High Availability and Disaster Recovery - ClickHouse

The following section provides an introduction, recommendation and requirements for High Availability and Disaster Recovery for ClickHouse.

Understanding High Availability (HA)
Understanding Disaster Recovery (DR)
Recommended HA+DR Deployments

Understanding High Availability (HA)

FortiSIEM High Availability feature enables you to run multiple Active-Active Supervisor nodes. This means that

User can log in to any Supervisor node and perform GUI Operations
Agents, Collectors and Worker nodes can communicate with any Supervisor node
Analytics operations like streaming rule and query processing are distributed across the Supervisor nodes
The databases are replicated among the Supervisor nodes as follows.
- The CMDB residing in a PostgreSQL database
- CMDB Device configurations residing in file system and managed by SVN-lite
- Profile data residing on SQLite databases on the Supervisor node.
Event data is replicated between ClickHouse Data nodes using ClickHouse mechanisms.

An Active-Active Supervisor cluster is built around the concept of Leader and Follower Supervisor nodes, configured as a linked list.

The first Supervisor where you install FortiSIEM License, is the Leader. The Leader’s UUID matches the UUID in the license. On the Leader, Redis and PostGreSQL database services run in Master mode. That means that all PostGreSQL database writes from all Supervisors go to the Leader node.
Next, you add a Follower, which follows the Leader, in the sense that its PostGreSQL database is replicated from that of the Leader. On the Follower node, both Redis and PostGreSQL database services run in Follower (that is, read only) mode. CMDB and Profile data are also copied via rsync from the Leader to the Follower node.
You can add another Follower to follow the Follower node added in Step 2. Its PostGreSQL database is replicated from the Supervisor created in Step 2. On this node, both Redis and PostGreSQL database services run in Follower (that is, read only) mode. CMDB and Profile data are also copied via rsync from the Follower node in Step 2 to the Follower node in Step 3. A replication linked list is formed: Leader -> Follower in Step 2 -> Follower in Step 3.
You can add more Follower nodes to follow the last Follower node in the chain.

Detailed Leader/Follower Supervisor configuration steps are in Configuring High Availability. It is recommended that you configure a Load Balancer in front of the Active-Active Supervisor cluster. Then FortiSIEM GUI users, Collectors, and Agents can reach any of the Supervisors through the Load Balancer. Workers are aware of the Supervisors and their Leader/Follower role and communicate to the appropriate Supervisor in a load balanced manner.

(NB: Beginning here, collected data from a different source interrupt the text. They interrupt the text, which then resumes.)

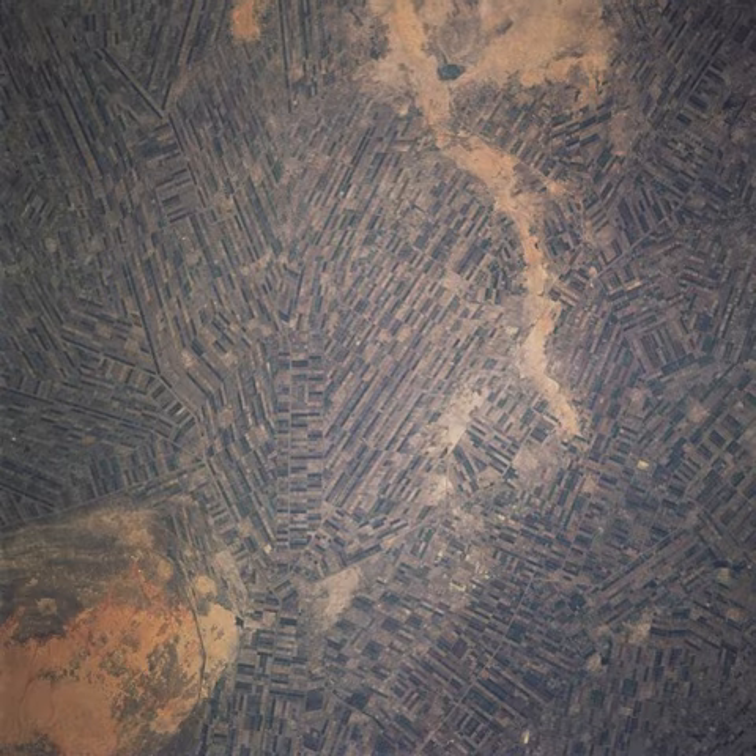The Gezira scheme is one of the largest irrigation projects in the world. It is centered on the Sudanese state of Al Jazeera, just southeast of the confluence of the Blue and White Nile rivers at the city of Khartoum.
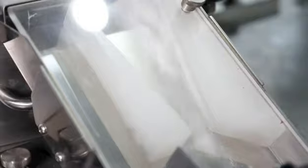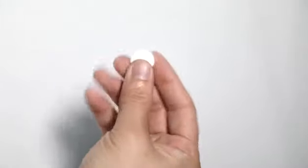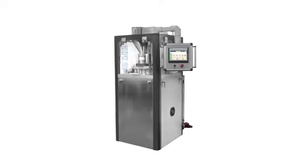Frequency Converter uses Siemens products. Turbine Vortex Rod adopts high-precision products of Tianjin Hua Cheng brand. The flushing disc is made of corrosion-resistant material with good rust and corrosion resistance.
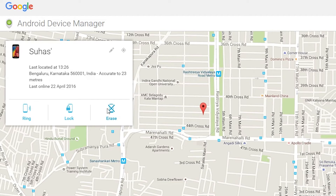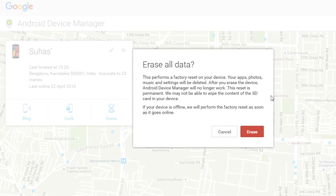If your phone carries sensitive information and you don't want it to fall into someone else's hands, you can use Android Device Manager to perform a factory reset. This effectively erases all data and settings on your device.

If the Leader Supervisor goes down, then you need to login to the (immediate) Follower Supervisor and promote it to be the Leader. This is done by running a script on the Follower – see High Availability Operations for details. Note that while the Leader is down,

GUI users can not login to the Supervisor Cluster since the Master PostGreSQL database in Leader is not available.
Incidents may be lost since Rule Master cannot upload Incidents to the App Server, because App Server needs to authenticate Rule Master via the Master PostGreSQL database located on the Leader.
Event parsing and event insertion to database will continue

The Supervisor cluster will come up once the Follower is promoted to the Leader. Since the FortiSIEM license is tied to failed Leader’s UUID, you will see a message prompting you to install a new license with new Leader’s UUID within a 2 weeks grace period from the time of failure. If you fail to do this, then you will not be able to login to the system.

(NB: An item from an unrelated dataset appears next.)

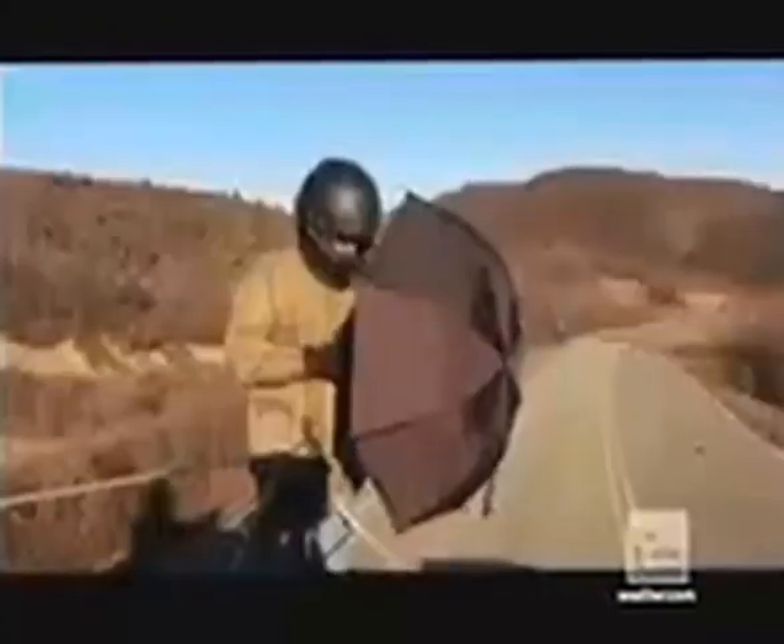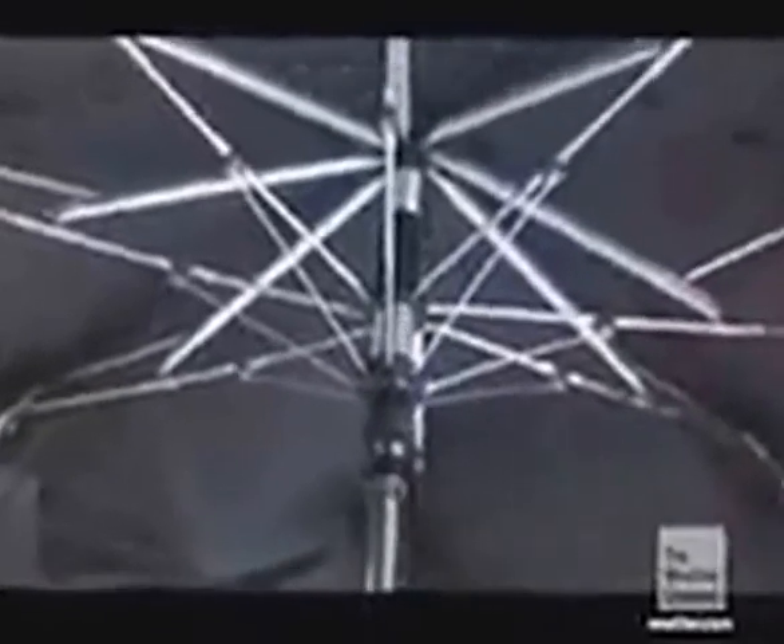We found an umbrella that is supposed to be specially engineered to handle high wind speeds. The Gust Buster umbrella has a two-tiered canopy system that allows air to flow through the umbrella. This reduces the air pressure on the canopy so it won't break or turn into a sail.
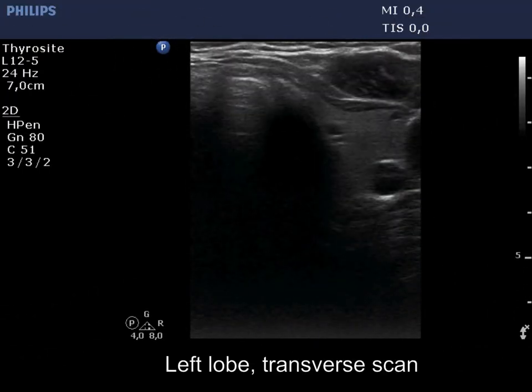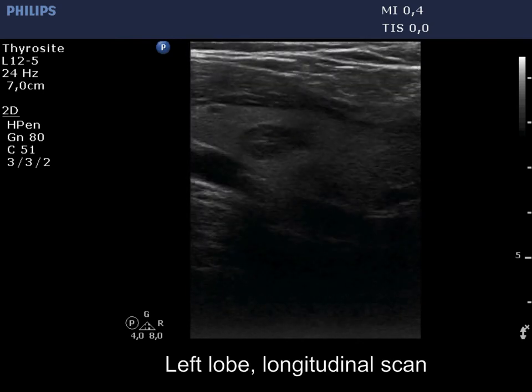The left lobe has a hypoechoic nodule. This lobe is normal in size.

If a Follower Supervisor goes down, then there is no impact:

Load balancer will route GUI users to an available Supervisor
Rules assigned to the Failed Supervisor will be re-assigned to one of the available Supervisors

Once the failed Supervisor comes back up, then the Supervisor will automatically recover. You also have the option to delete the failed Supervisor node, clean it and add it back to the cluster as a follower of the last node in the chain.

Detailed failover steps are provided in High Availability Operations.

Understanding Disaster Recovery (DR)

Disaster Recovery provides availability in case the entire Supervisor, Worker cluster goes down. To satisfy this requirement, in addition to the Primary Site 1, a separate fully licensed FortiSIEM needs to run in a Secondary Site (Site 2). The two sites, Sites 1 and 2, need to be set up identically in terms of Supervisor, Workers, and event storage, with the exception that Site 2 does not allow multiple Supervisors.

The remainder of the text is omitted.